- Bring a large pot of water to boil and sprinkle generously with salt.
- Add lasagna noodles. Cook according to box instructions (usually about 10 minutes)
- Remove from boiling water, rinse in cold water to stop the cooking.
- Drain. Set aside to cool.
Vegan Ricotta Filling:
- In a food processor, add cashews, tofu, lemon juice, olive oil, and blend. Add salt, Bragg Liquid Aminos, nutritional yeast, and blend until smooth.
- In a small saucepan, sauté the onion in oil until translucent, add the crushed garlic, ground basil, and fresh spinach. Sauté until the spinach has wilted. Set aside to cool.
- In a bowl, gently combine the cashew/tofu mixture with the onion/spinach mixture. The filling is now ready.
Assembling the Dish:
- Preheat oven to 375F
- In an 9X9 inch pan, add a layer of tomato sauce.
- Next, prepare the lasagna rolls:
- Lay a lasagna noodle flat on a cutting board.
- Add about 2-3 tablespoons of filling to each lasagna noodle, spreading it across the length of the noodle.
- Next, roll the lasagna noodle.
- Place in the pan.
- Continue this process with all the lasagna noodles.
- Cover each roll with a layer of tomato sauce.
- Sprinkle with some vegan parmesan and some dried basil.
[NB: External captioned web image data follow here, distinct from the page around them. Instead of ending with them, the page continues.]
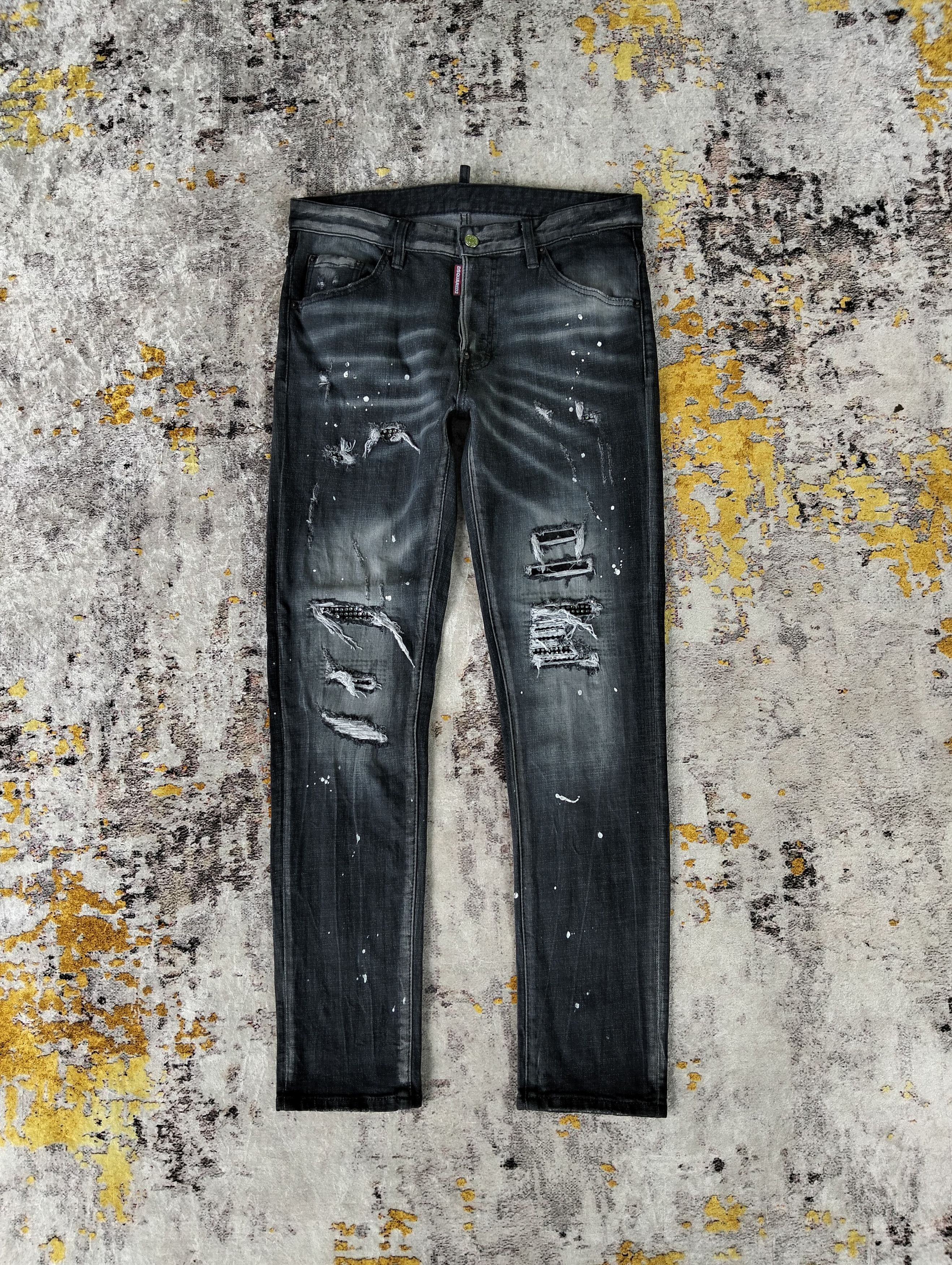 Dsquared2 Distressed Dsquared2 Paint Splatter Rhinestone Skinny Jeans Size US 32 / EU 48 - 1 Thumbnail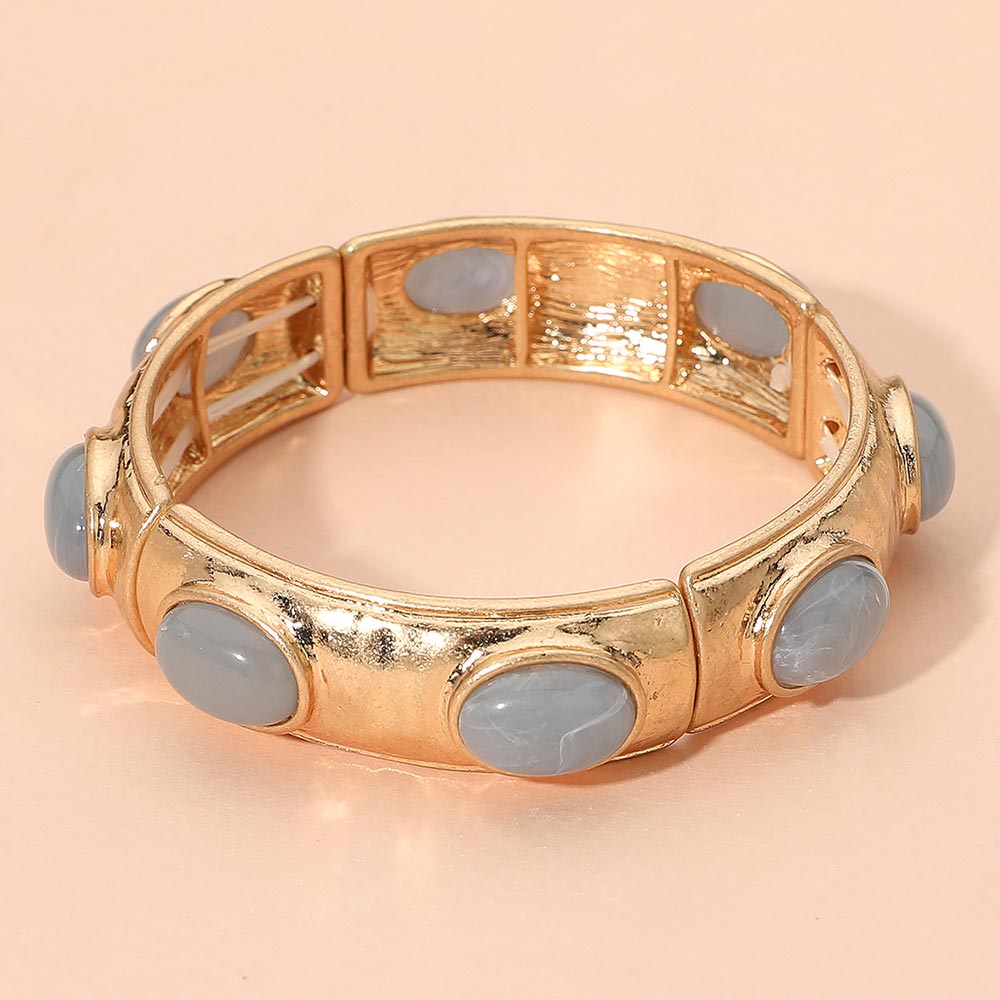 Marbled Oval Stone Accent Hammered Metal Beaded Stretch Bracelet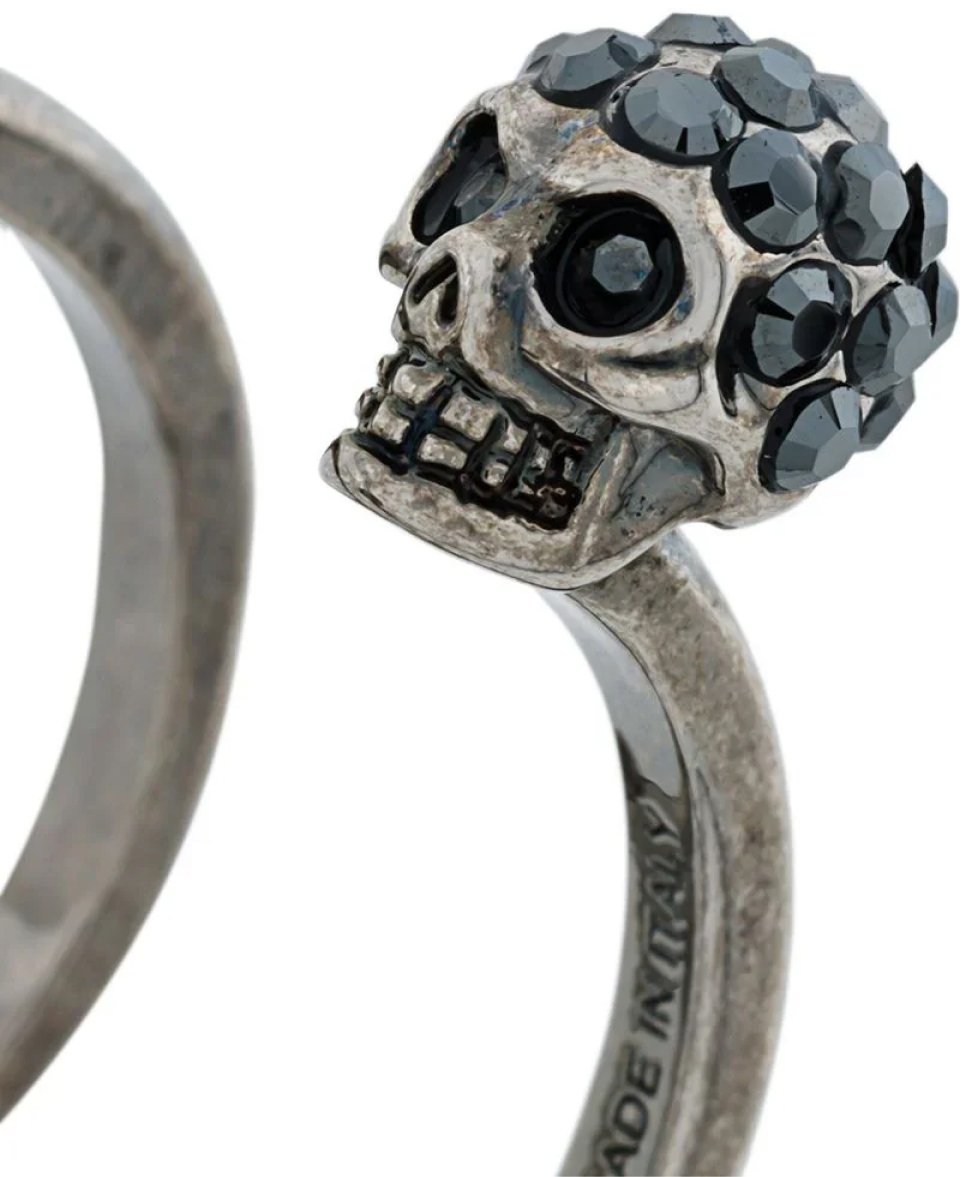 Alexander McQueen Double Skull Thin Ring Zilver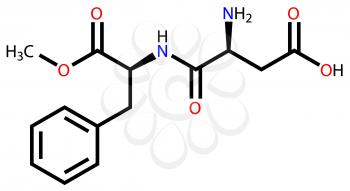 Structural formula of sweetener aspartame drawn on a white background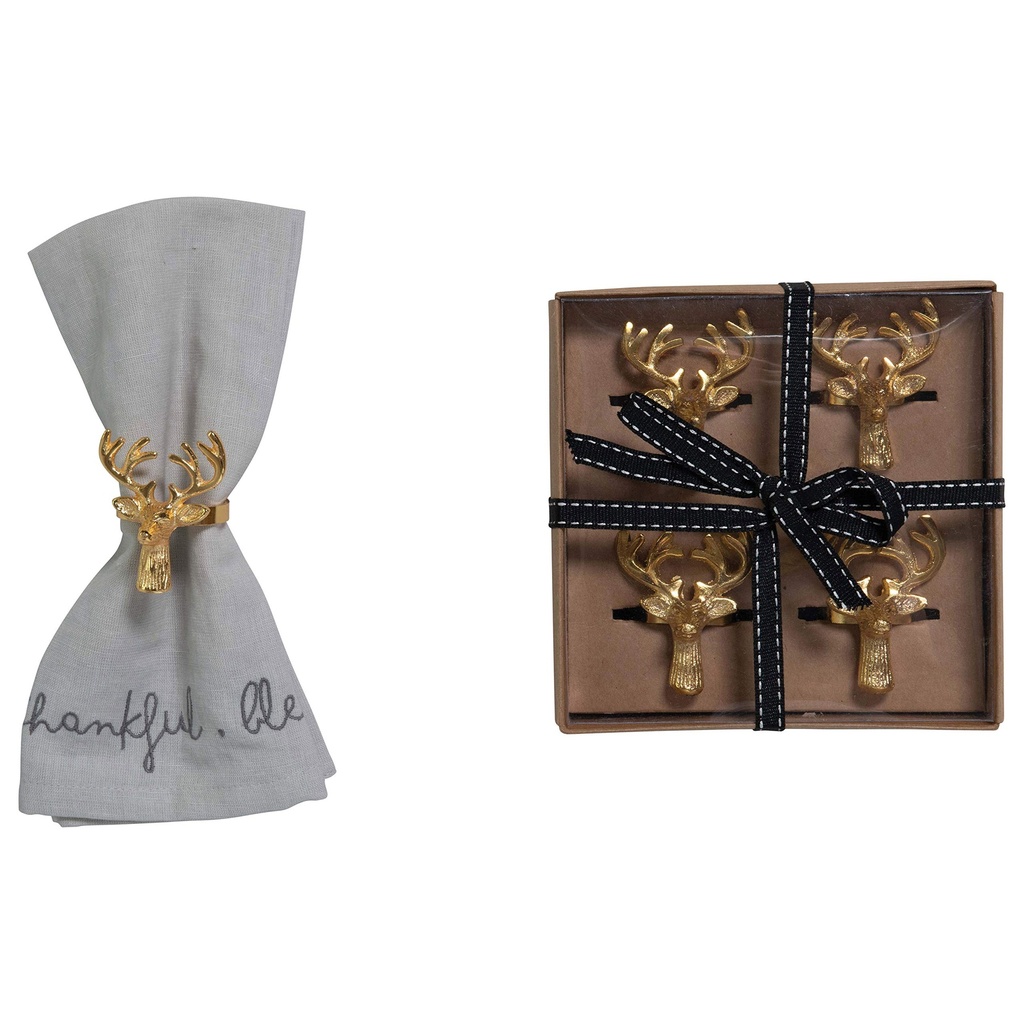 S/4 2"Rd Reindeer Napkin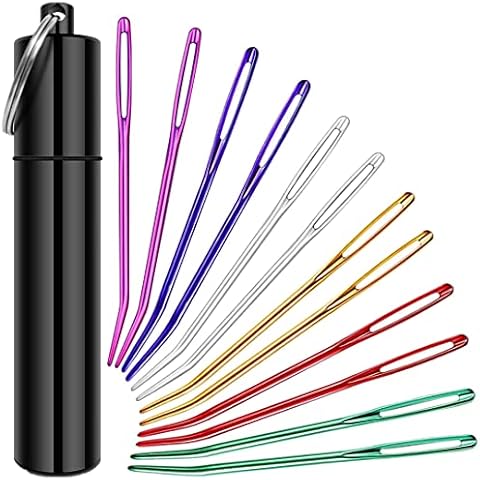 yklbpd 12pieces Yarn Darning Needle Large Big Eye Weaving Needle,Tapestry Needle Bent Needles with Aluminum Storage Tube Cover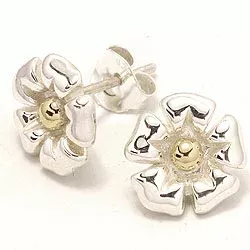 blomster øreringe i sølv med forgyldt sølv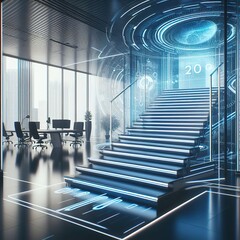 Tech Innovations Futuristic Workspace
- Bake at 375F for about 30 minutes.
Quick and Easy Parmesan Topping:
- 1 cup raw cashews (or blanched almonds)
- 1/4 cup nutritional yeast flakes
- 3/4 teaspoon salt
- 1/4 teaspoon Italian seasoning
- 1/2 teaspoon garlic powder
In a food processor, blend the cashews, yeast flakes, salt, Italian seasoning, and garlic powder into a crumb consistency. It is now ready to use.